The Iraqis' Stories: Hunting Gays In Iraq


"Every gay and lesbian here lives in fear, just pure fear, of being beaten or killed," says Ahmad, a 34-year-old gay man, via telephone from his home in Baghdad. "Homosexuality is seen here as imported from the West and as the work of the devil."

Ahmad is masculine and "straight-acting," he says. "I can go out without being harassed or followed." But that's not the case for his more effeminate gay friends. "They just cannot go outside, period," he says. "If they did, they would be killed." To help them survive, Ahmad has been bringing food and other necessities to their homes. "The situation for us gay people here is beyond bad and dangerous," he says.

Life for gay and lesbian citizens in war-torn Iraq has become grave and is getting worse every day. While President Bush hails a new, "democratic" society, thousands of civilians are dying in a low-level civil war -- and gays are being targeted just for being gay. The Badr Corps -- the military arm of the Supreme Council for the Islamic Revolution in Iraq (SCIRI for short), the country's most powerful Shiite political group -- has launched a campaign of "sexual cleansing," marshaling death squads to exterminate homosexuality.

When Iraq's chief Shiite cleric, the Grand Ayatollah Ali al-Sistani, removed a fatwa calling for death to gay men from his Web site earlier this year -- it wasn't removed for lesbians -- some observers thought the antigay reign of terror might end. But the fatwa still remains in effect; indeed, persecution of gay Iraqis has only escalated.

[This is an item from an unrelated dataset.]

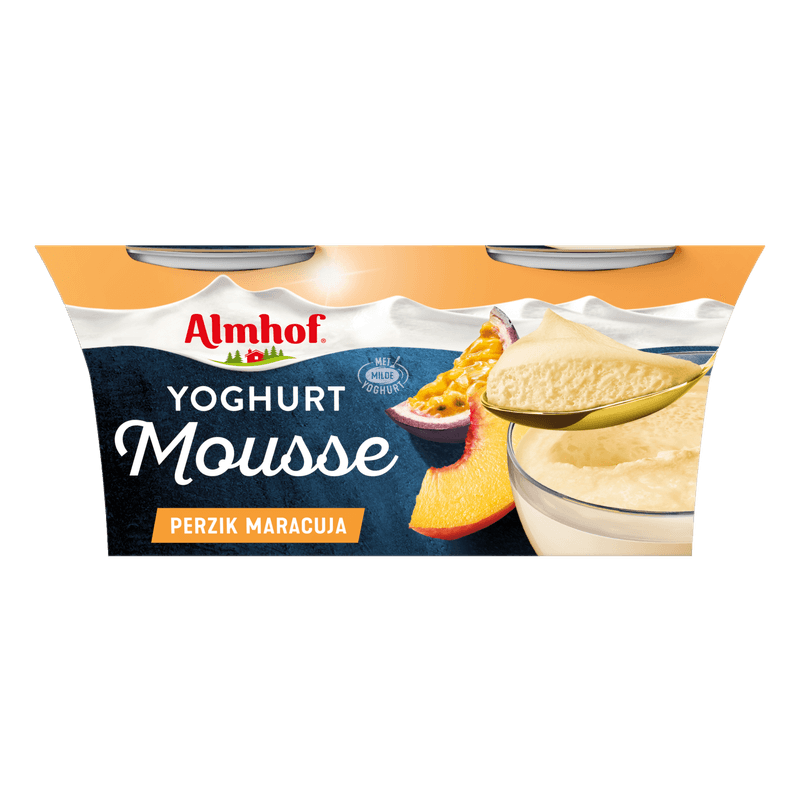 Almhof Yoghurt mousse perzik maracuja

"In the last two months the situation has gotten worse and worse," says Ali Hili, a gay Iraqi living in London, who founded and coordinates the group Iraqi LGBT. "Just last month there were three raids by the Interior Ministry on two of the safe houses we maintain in Basra and Najaf. They were looking for specific names and people, and some of them were killed on the spot." The Interior Ministry is heavily infiltrated by SCIRI operatives and troops who carry out the Sistani fatwa.

Hili's group, some 30 gay Iraqi exiles who came together last fall in London in the wake of Sistani's death-to-gays fatwa, has a network of informants and supporters throughout Iraq. With anguish in his voice, he recalls two of them, lesbians who ran a safe house in Najaf that harbored young kids who'd been trapped in the commercial sex trade. "They were accused of running a brothel," he says. "They were slain in the safe house with their throats cut. This was only weeks ago.

"Every day we hear from our network inside Iraq of new horrors happening to our gay and lesbian people -- it's overwhelming, we just can't cope," Hili continues. "Look, we're only a little volunteer organization, and nobody helps us -- not the American occupier, not the U.N., not Amnesty
International, nobody. We're desperate for help."

Through a translator, several gay Iraqis spoke to me about the dire circumstances for gay people in their country. None wanted their last names printed for fear of reprisals, and all had horrific stories to tell.

Hussein, 32, is a gay man living with his married brother's family in Baghdad. "I've been living in a state of fear for the last year since Ayatollah Sistani issued that fatwa, in which he even encouraged families to kill their sons and brothers if they do not change their gay behavior," he says. "My brother, who has been under pressure and threats from Sistani's followers about me, has threatened to harm me himself, or even kill me, if I show any signs of gayness."